*Problem description*. The reply is to contain the full listing, repeated exactly, with pictures left out.

─── Data section ───

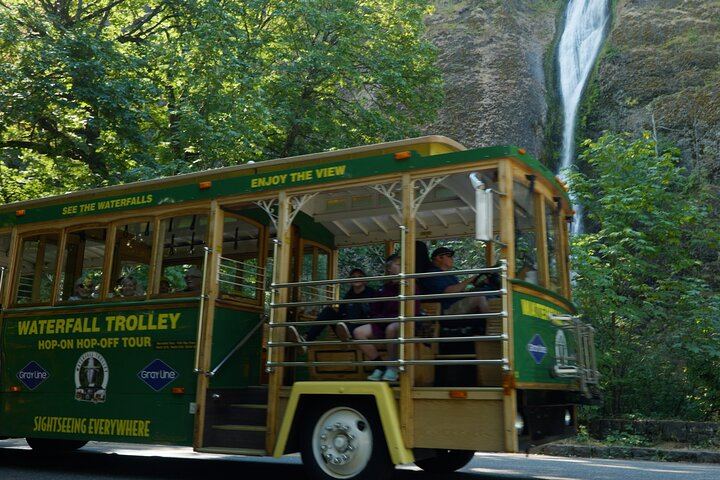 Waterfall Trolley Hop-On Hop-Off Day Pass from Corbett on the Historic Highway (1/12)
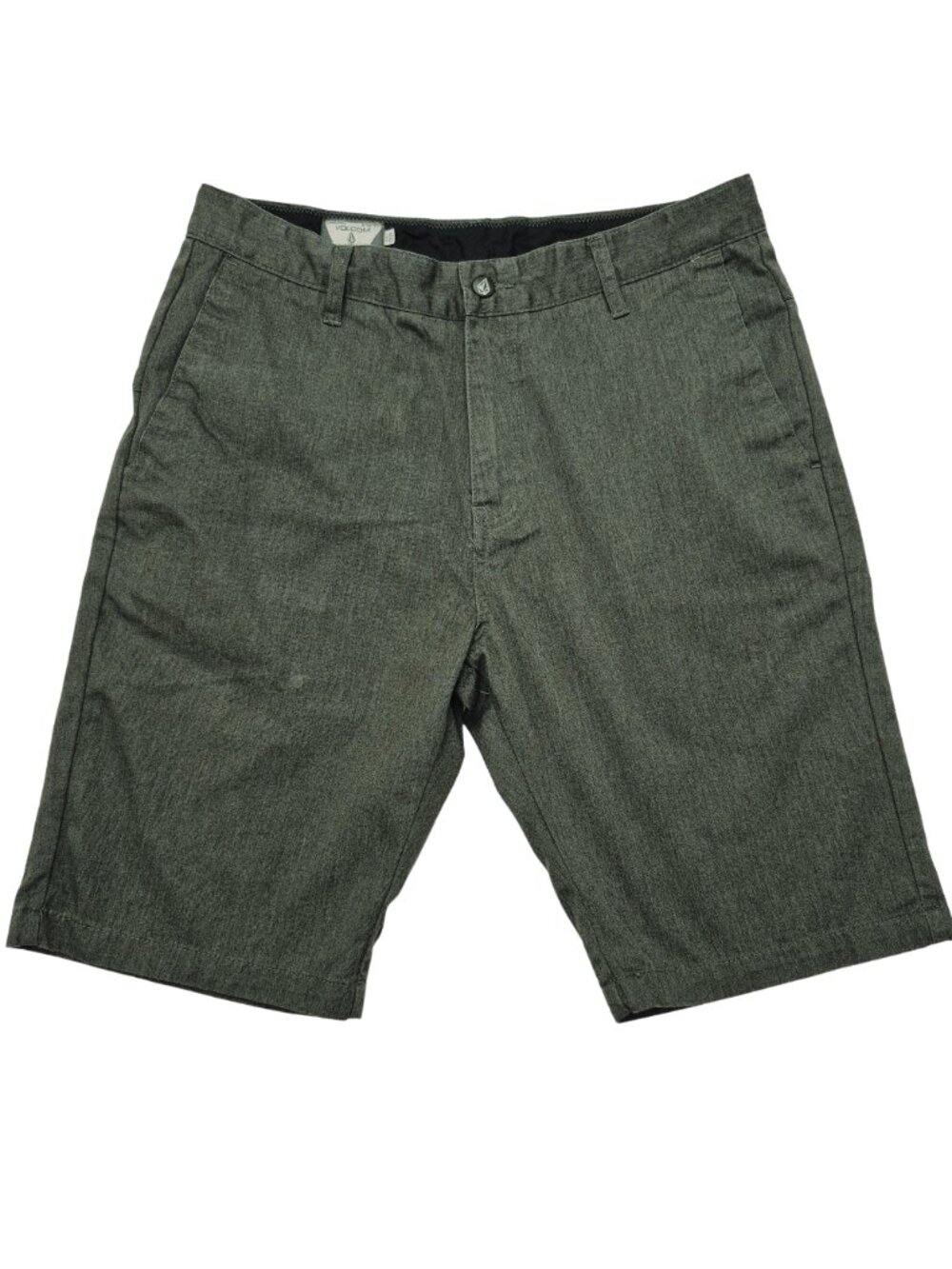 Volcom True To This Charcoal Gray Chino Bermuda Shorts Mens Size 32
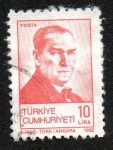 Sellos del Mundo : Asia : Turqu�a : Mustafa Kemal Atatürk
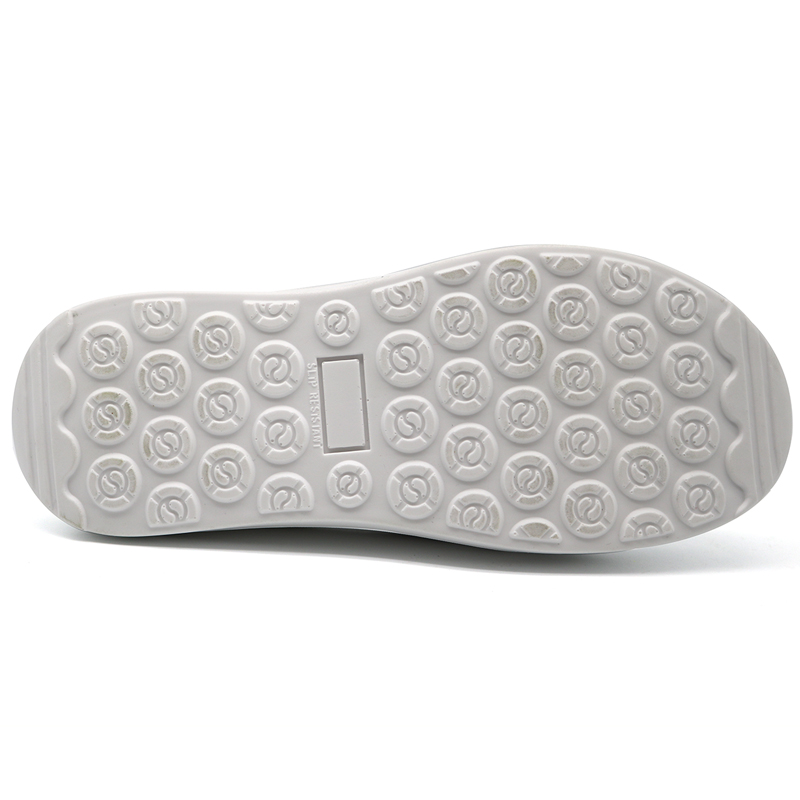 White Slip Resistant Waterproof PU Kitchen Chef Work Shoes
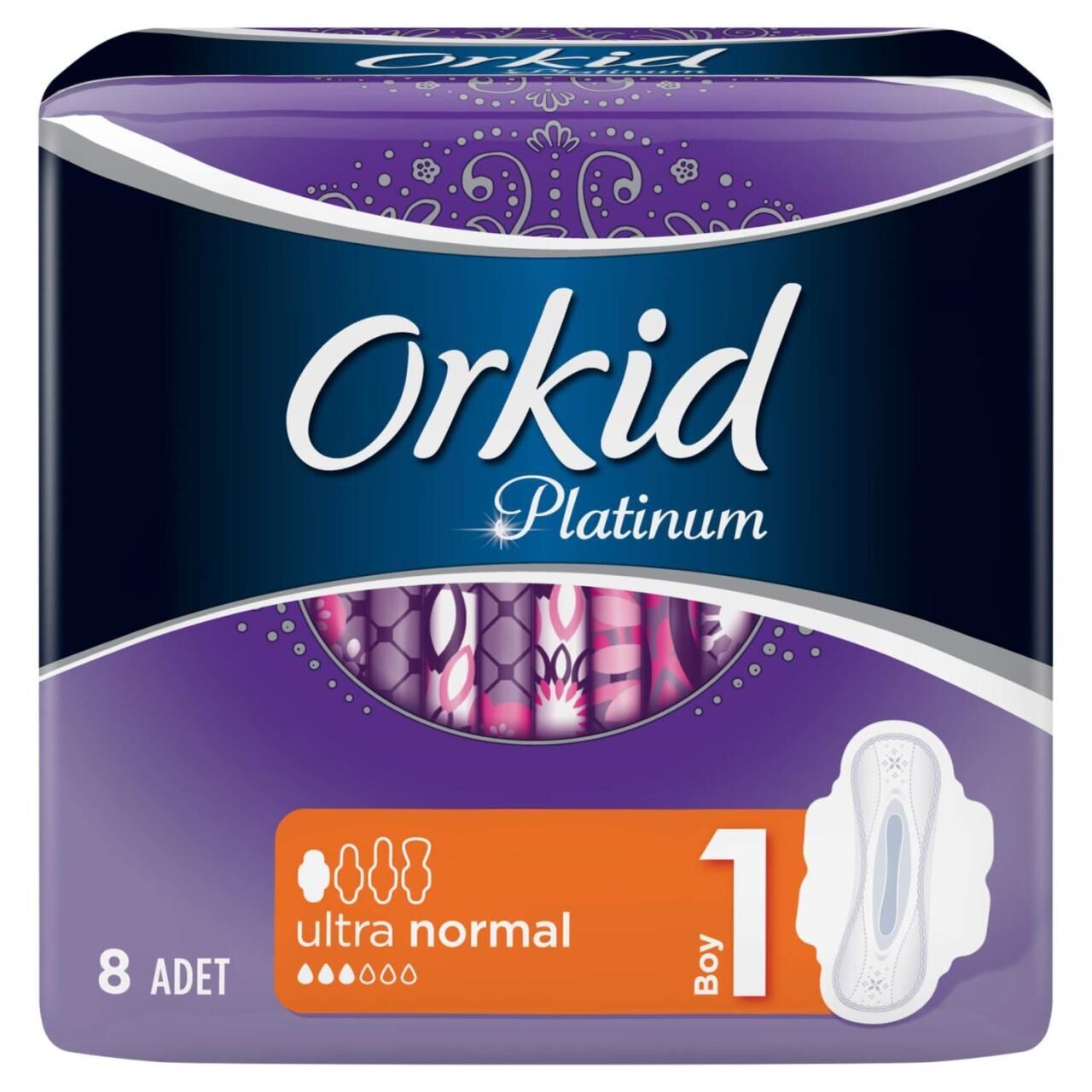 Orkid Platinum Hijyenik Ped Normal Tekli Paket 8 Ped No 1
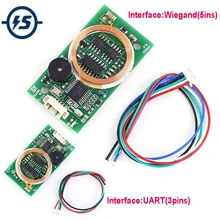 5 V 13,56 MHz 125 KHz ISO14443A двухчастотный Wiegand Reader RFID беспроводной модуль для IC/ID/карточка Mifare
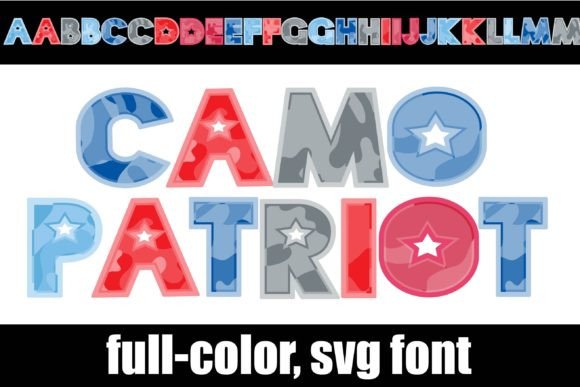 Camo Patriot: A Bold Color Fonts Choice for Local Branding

───

*Response area*.
 Waterfall Trolley Hop-On Hop-Off Day Pass from Corbett on the Historic Highway (1/12)
 Volcom True To This Charcoal Gray Chino Bermuda Shorts Mens Size 32
 Sellos del Mundo : Asia : Turqu�a : Mustafa Kemal Atatürk
 White Slip Resistant Waterproof PU Kitchen Chef Work Shoes
 Orkid Platinum Hijyenik Ped Normal Tekli Paket 8 Ped No 1
 5 V 13,56 MHz 125 KHz ISO14443A двухчастотный Wiegand Reader RFID беспроводной модуль для IC/ID/карточка Mifare
 Camo Patriot: A Bold Color Fonts Choice for Local Branding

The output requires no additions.